> asking for 1 byte 65536 times, is indeed different than asking for 65536 bytes, 1 time.

Yes it's different. As others have noted, the difference is what is returned if less than 65536 are available to read in the file: total failure vs partial read.

There is, unsurprisingly, no requirement that it has an unnecessarily inefficient implementation to meet this behavioral requirement. (The C standard doesn't talk about such things as syscalls but, even if it did, it surely wouldn't require such a thing.)

The irony is that that partial read is actually the default on both Windows and Posix (i.e. both ReadFile and read() will read up to the number of bytes specified). So a one-syscall implementation for fread would have been easier than multiple calls, and certainly would be standard compliant.

The dd example isn't comparable because dd is much lower level, and you really are specifying how the syscalls should be made.

Also you need to be careful what you read/write. In some cases.
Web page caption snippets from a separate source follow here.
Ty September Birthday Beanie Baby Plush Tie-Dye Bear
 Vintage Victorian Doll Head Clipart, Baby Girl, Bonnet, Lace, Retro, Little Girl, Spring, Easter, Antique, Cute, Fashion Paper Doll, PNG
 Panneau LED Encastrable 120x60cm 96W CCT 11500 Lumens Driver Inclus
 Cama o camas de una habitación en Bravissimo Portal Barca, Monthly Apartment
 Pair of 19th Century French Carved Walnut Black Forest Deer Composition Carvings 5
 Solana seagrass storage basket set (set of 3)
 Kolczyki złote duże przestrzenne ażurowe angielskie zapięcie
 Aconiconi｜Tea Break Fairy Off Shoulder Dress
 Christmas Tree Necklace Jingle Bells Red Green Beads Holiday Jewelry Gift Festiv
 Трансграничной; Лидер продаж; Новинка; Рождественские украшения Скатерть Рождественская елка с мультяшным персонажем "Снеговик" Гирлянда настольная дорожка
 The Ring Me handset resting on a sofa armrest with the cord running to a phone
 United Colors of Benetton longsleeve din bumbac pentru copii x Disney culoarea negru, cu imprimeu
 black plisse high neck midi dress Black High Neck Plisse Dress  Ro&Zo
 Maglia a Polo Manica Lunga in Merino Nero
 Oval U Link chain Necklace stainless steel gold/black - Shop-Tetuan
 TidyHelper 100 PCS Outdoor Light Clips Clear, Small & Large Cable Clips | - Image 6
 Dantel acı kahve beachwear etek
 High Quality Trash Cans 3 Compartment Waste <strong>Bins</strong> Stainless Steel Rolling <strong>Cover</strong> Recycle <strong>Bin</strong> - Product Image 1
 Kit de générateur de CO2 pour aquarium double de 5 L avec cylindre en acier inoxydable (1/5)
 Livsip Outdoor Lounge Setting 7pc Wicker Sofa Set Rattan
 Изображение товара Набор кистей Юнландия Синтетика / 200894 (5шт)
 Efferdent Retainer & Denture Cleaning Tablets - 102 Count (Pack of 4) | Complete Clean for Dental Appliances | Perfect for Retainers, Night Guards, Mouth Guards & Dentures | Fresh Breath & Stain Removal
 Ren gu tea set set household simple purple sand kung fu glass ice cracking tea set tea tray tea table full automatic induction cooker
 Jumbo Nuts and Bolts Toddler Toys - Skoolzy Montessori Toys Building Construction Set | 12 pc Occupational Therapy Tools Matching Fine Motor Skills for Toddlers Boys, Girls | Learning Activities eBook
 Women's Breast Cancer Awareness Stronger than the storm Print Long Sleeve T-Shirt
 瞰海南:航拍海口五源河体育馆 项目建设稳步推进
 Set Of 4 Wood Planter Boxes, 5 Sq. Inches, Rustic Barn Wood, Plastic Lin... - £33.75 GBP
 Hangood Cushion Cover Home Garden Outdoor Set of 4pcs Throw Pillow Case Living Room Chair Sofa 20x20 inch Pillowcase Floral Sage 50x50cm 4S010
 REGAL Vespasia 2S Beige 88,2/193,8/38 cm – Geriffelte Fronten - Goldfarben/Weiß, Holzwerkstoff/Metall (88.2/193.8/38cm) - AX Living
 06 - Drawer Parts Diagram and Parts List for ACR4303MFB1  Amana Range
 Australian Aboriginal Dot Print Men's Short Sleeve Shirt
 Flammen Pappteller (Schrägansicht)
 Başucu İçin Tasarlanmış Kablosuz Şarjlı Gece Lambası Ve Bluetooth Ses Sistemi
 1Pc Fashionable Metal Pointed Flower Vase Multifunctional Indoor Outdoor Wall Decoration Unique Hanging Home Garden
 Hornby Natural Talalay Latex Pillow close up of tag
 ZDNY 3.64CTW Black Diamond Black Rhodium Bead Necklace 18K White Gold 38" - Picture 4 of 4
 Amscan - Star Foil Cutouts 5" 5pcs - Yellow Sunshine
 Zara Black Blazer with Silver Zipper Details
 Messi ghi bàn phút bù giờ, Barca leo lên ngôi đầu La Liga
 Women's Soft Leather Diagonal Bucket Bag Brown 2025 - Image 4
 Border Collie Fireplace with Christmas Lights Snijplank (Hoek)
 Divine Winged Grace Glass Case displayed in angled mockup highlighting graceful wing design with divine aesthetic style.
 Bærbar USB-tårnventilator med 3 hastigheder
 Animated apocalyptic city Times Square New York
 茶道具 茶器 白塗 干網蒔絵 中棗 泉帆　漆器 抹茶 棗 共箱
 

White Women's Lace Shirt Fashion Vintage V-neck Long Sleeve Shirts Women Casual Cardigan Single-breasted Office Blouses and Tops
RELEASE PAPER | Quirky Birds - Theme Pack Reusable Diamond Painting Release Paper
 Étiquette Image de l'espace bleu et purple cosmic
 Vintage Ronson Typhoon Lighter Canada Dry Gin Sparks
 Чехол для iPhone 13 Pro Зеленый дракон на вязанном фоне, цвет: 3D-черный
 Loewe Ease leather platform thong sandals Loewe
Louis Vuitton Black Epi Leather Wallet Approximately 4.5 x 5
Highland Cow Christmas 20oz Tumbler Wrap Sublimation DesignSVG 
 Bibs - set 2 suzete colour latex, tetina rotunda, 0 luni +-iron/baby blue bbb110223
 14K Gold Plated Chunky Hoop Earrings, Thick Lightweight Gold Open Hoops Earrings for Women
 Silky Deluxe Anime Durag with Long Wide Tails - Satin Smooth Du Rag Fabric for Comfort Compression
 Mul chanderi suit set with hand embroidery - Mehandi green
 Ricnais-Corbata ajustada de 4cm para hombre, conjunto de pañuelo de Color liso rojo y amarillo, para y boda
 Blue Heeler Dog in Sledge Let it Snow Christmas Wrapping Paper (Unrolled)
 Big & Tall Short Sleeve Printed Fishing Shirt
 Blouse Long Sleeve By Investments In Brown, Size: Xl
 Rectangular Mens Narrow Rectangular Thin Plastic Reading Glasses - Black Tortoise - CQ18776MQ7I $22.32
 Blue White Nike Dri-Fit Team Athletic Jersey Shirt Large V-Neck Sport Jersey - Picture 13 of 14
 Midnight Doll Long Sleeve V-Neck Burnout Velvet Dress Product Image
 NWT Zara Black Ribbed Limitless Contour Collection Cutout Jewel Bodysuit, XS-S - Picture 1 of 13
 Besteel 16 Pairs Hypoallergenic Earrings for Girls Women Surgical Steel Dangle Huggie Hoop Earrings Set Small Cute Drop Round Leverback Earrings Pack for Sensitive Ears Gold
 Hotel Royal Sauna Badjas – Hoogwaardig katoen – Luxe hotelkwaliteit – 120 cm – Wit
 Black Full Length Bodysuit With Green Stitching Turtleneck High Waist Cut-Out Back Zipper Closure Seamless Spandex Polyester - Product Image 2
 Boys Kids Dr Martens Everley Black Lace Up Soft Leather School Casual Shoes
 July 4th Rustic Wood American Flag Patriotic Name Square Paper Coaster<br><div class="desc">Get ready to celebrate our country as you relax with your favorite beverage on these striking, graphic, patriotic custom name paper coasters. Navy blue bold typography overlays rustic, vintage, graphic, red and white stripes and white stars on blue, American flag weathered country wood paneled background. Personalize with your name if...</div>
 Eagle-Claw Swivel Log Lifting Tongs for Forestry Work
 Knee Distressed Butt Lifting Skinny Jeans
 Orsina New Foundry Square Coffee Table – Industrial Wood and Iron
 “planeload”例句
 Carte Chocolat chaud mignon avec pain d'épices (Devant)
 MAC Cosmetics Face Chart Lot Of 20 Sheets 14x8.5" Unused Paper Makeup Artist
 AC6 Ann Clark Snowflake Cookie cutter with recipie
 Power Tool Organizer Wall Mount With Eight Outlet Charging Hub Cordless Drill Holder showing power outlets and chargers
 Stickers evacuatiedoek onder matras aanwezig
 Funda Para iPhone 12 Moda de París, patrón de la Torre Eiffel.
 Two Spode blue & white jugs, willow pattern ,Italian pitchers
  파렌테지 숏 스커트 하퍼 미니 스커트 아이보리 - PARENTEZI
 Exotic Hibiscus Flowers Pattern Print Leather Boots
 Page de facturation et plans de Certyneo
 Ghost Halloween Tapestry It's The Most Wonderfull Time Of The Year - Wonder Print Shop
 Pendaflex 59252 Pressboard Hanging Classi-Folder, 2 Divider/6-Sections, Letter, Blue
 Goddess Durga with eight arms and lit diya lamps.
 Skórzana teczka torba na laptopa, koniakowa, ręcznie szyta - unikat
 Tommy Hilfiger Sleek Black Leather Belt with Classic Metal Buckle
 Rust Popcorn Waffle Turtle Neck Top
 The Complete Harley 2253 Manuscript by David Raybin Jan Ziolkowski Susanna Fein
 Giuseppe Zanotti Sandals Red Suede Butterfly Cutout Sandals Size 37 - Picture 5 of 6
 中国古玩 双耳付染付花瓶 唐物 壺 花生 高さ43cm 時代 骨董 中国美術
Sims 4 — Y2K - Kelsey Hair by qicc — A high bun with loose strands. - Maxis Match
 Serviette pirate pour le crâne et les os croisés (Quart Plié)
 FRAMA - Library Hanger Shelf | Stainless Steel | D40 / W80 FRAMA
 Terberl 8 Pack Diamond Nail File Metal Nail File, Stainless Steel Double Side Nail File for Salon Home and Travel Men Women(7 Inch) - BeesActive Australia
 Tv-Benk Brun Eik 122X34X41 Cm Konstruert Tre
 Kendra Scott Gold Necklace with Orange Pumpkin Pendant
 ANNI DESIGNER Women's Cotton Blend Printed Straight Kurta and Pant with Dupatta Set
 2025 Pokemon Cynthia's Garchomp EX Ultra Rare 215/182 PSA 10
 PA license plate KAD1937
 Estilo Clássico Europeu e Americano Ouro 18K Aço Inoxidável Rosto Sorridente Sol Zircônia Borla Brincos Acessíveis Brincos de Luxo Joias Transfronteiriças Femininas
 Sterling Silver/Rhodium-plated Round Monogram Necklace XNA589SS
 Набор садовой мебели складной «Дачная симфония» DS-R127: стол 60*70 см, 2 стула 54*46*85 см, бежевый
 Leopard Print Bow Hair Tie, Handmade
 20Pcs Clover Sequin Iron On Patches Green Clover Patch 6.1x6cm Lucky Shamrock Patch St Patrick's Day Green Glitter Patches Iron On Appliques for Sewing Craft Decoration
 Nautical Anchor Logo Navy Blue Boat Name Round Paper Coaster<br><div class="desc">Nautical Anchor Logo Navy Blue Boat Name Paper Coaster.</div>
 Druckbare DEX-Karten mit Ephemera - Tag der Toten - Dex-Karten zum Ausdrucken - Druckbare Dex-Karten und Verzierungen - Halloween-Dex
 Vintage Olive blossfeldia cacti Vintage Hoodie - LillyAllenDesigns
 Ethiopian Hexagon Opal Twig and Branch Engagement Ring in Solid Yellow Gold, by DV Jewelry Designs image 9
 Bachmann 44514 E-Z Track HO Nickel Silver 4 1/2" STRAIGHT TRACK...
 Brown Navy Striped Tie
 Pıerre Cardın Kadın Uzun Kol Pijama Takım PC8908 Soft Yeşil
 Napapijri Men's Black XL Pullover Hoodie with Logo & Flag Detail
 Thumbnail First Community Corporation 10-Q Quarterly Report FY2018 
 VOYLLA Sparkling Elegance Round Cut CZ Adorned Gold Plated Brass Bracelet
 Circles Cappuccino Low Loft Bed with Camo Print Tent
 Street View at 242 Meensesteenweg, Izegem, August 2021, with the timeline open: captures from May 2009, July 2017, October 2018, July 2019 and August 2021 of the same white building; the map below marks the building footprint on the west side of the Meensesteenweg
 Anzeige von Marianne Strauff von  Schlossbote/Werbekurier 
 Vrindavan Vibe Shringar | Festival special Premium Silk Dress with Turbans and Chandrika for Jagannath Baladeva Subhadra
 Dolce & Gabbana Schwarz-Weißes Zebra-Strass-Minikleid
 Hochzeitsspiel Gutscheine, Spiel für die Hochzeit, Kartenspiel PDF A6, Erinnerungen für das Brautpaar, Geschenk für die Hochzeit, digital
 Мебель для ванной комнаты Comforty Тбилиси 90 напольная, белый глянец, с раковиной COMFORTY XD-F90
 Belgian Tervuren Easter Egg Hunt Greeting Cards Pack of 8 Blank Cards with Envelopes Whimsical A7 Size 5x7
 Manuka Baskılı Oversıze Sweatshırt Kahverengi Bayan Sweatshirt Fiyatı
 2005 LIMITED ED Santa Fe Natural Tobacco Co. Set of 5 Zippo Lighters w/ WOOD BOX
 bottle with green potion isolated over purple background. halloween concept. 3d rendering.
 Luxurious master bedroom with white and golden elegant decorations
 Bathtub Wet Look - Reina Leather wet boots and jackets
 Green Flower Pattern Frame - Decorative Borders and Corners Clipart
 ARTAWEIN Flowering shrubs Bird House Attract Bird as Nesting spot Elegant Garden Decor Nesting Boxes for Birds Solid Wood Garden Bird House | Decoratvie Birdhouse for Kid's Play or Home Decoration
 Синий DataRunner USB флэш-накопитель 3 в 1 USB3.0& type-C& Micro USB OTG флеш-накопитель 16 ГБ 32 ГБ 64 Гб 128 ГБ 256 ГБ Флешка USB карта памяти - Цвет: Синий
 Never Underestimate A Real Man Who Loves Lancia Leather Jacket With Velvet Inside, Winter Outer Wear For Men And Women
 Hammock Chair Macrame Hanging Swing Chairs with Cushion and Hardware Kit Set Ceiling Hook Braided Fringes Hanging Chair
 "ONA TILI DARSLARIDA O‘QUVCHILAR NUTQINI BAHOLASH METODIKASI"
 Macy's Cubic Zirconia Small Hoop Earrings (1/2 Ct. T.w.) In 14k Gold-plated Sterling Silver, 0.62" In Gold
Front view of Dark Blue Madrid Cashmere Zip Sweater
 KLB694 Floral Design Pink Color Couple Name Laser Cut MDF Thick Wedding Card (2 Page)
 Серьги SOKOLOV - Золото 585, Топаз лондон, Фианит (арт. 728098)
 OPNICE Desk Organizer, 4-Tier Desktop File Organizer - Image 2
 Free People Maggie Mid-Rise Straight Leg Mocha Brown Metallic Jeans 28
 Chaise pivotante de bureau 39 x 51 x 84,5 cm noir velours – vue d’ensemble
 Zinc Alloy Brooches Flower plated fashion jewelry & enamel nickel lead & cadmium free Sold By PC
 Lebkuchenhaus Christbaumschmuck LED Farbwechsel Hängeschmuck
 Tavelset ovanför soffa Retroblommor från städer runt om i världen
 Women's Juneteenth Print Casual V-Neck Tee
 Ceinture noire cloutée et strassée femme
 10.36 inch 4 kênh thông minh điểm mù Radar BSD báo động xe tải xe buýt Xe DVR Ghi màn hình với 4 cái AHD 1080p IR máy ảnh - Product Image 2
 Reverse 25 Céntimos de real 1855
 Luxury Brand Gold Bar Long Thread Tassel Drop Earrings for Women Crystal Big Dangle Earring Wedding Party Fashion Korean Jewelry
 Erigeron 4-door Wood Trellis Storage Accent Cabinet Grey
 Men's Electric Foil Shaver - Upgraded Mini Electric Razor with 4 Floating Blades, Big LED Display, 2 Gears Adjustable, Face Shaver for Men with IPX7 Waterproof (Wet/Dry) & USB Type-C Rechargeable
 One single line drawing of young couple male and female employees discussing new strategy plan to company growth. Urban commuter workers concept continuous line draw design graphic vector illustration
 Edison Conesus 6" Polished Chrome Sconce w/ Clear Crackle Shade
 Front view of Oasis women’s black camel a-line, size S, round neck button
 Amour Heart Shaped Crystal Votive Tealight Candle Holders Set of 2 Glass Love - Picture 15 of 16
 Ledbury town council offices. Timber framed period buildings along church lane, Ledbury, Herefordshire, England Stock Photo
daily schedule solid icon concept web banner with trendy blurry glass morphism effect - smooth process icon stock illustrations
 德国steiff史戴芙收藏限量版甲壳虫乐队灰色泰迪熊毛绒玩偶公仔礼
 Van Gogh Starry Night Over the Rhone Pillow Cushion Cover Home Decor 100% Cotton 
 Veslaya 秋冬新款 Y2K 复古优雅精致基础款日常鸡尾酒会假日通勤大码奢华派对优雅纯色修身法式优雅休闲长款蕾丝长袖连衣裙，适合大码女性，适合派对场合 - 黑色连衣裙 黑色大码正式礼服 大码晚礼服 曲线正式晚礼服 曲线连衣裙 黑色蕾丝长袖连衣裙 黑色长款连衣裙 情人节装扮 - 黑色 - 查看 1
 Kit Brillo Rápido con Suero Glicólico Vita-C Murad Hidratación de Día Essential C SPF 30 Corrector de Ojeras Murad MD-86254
As many examples out there use int/char etc to show how to use the thing. But if you switch to structs that fwrite can totally burn you if you use the sizeof call. As the sizeof a struct can vary between platforms and compilers. Depending on packing. Then endianness can sometimes mess you up. If you are reading/writing for yourself you can get away with a lot. But if you are trying to interop then you have to be wildly careful what you do.

fwrite is another one where people will do one byte at a time (same up to for the windows version). Bash out a loop, use the sizeof for the input to the for loop. copy and paste just doing 1 byte and you can easily end up here. One program I added a cache in front of the thing so it would always write on disk block boundaries and then come back for more. I started off with just packed struct sizes but the perf was just 'ok'. The file block boundary thing really made it fast. Not all OS's have a readahead/write buffer behind that call so perf can vary.

It is honestly such an easy mistake to make. As many of the examples/docs do not really show you why/how to use both of those calls in the way needed. You sort of have to stumble into it and work it out.

Once you see it you know. But until then you do not really notice if it is 'working'.